## ABOUT THIS EXERCISE
Please go line by line and repeat the data below exactly, with no images.

## SUPPLIED MATERIAL

◆ ◆ ◆ ◆ ◆

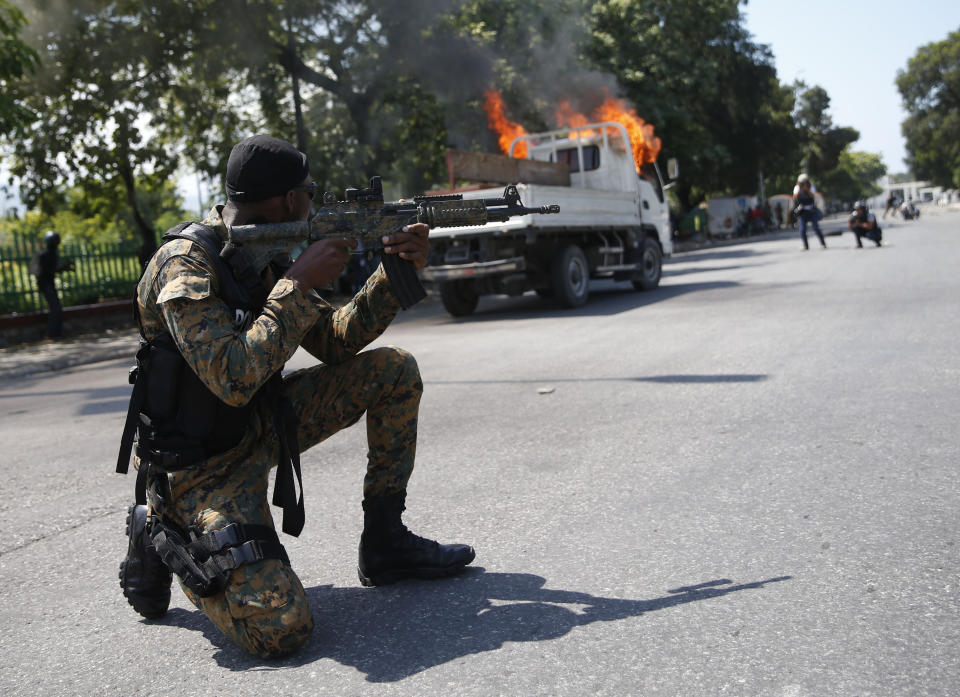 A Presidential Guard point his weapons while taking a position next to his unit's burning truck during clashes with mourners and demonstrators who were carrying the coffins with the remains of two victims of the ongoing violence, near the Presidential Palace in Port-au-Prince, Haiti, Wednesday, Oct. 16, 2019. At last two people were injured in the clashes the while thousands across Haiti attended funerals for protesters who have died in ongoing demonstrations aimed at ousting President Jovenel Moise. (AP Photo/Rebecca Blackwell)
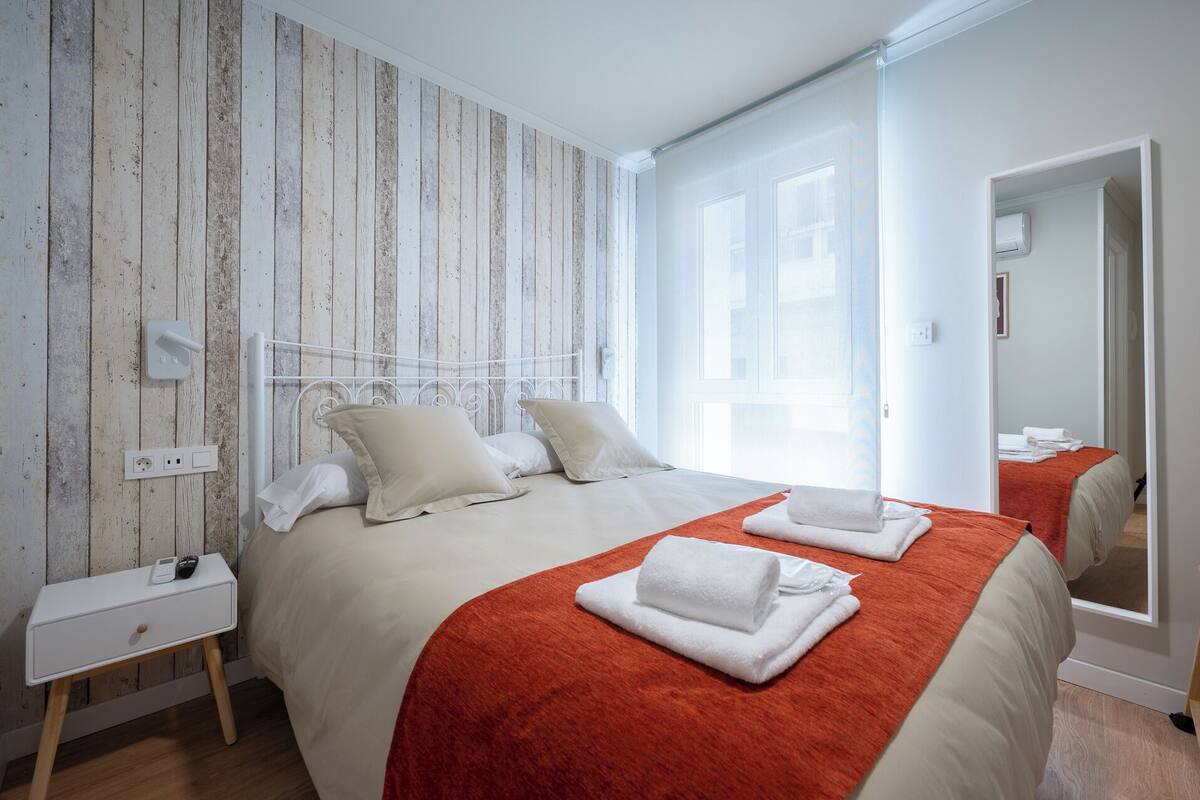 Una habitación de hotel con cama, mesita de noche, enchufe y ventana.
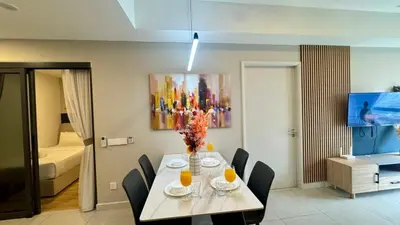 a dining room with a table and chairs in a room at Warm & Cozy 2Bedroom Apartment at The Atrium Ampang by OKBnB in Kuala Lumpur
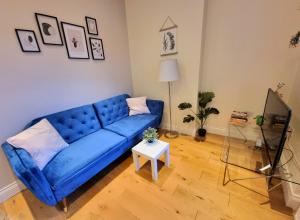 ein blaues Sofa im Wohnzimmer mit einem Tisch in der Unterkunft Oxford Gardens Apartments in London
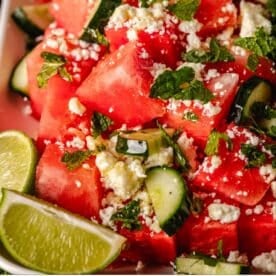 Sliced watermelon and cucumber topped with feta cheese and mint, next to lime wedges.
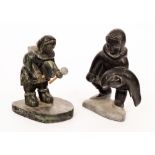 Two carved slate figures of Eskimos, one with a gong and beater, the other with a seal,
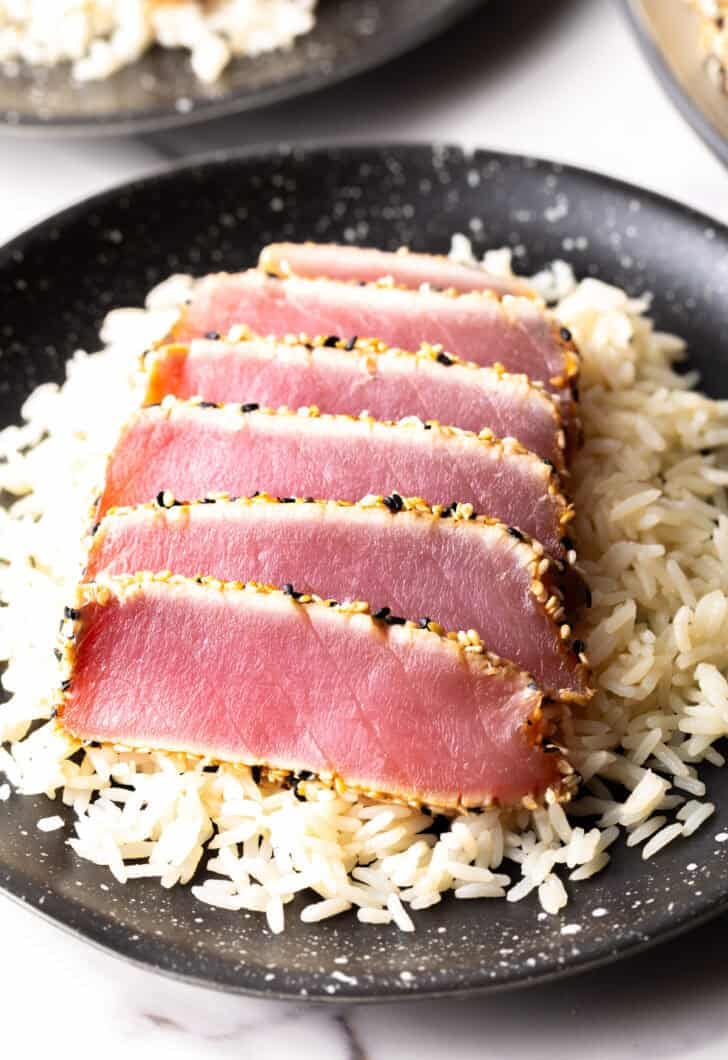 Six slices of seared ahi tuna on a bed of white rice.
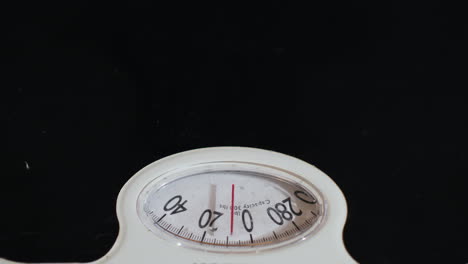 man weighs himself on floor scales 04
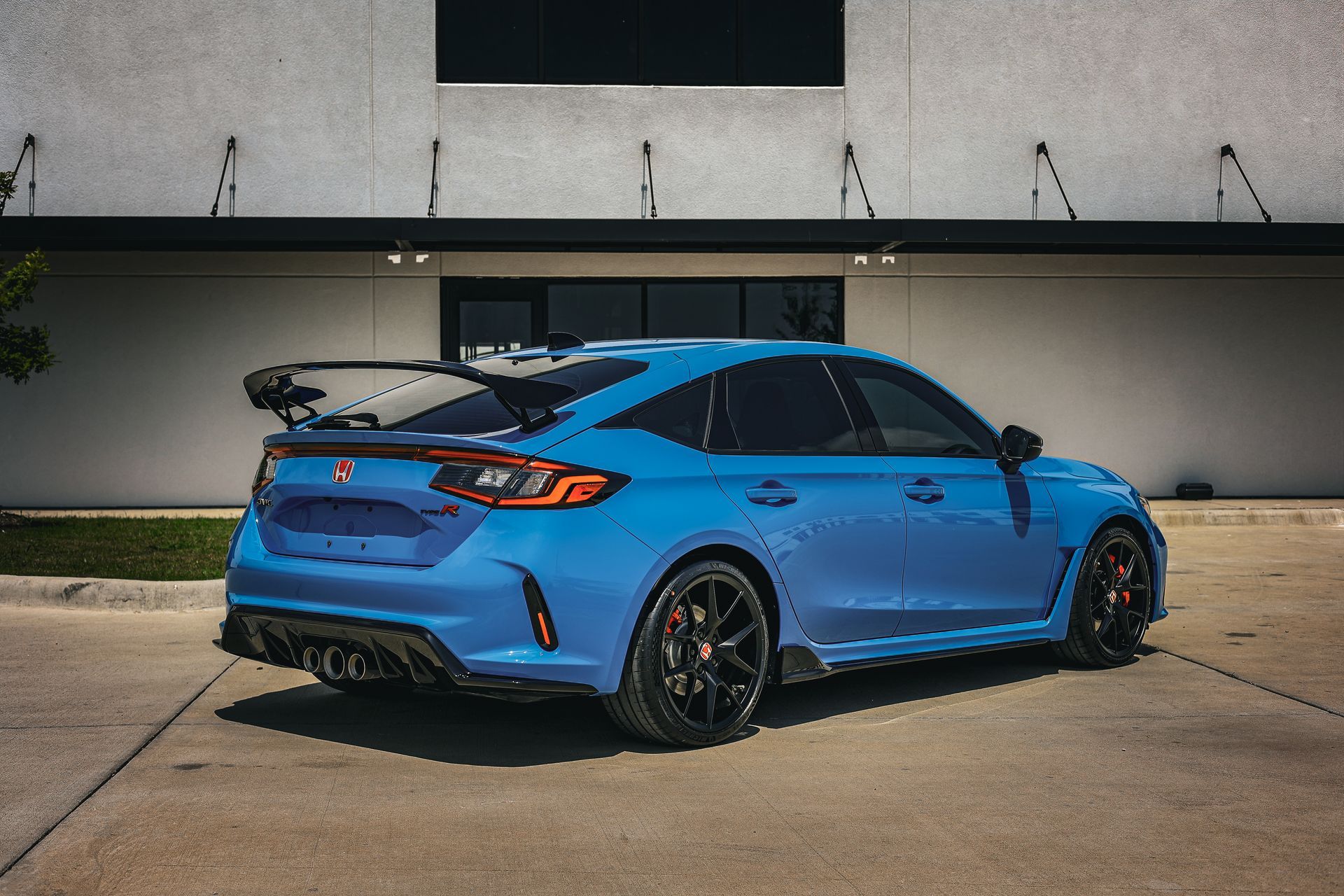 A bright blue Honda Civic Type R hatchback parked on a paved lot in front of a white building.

◆ ◆ ◆ ◆ ◆

## ANSWER TO THIS EXERCISE
 A Presidential Guard point his weapons while taking a position next to his unit's burning truck during clashes with mourners and demonstrators who were carrying the coffins with the remains of two victims of the ongoing violence, near the Presidential Palace in Port-au-Prince, Haiti, Wednesday, Oct. 16, 2019. At last two people were injured in the clashes the while thousands across Haiti attended funerals for protesters who have died in ongoing demonstrations aimed at ousting President Jovenel Moise. (AP Photo/Rebecca Blackwell)
 Una habitación de hotel con cama, mesita de noche, enchufe y ventana.
 a dining room with a table and chairs in a room at Warm & Cozy 2Bedroom Apartment at The Atrium Ampang by OKBnB in Kuala Lumpur
 ein blaues Sofa im Wohnzimmer mit einem Tisch in der Unterkunft Oxford Gardens Apartments in London
 Sliced watermelon and cucumber topped with feta cheese and mint, next to lime wedges.
 Two carved slate figures of Eskimos, one with a gong and beater, the other with a seal,
 Six slices of seared ahi tuna on a bed of white rice.
 man weighs himself on floor scales 04
 A bright blue Honda Civic Type R hatchback parked on a paved lot in front of a white building.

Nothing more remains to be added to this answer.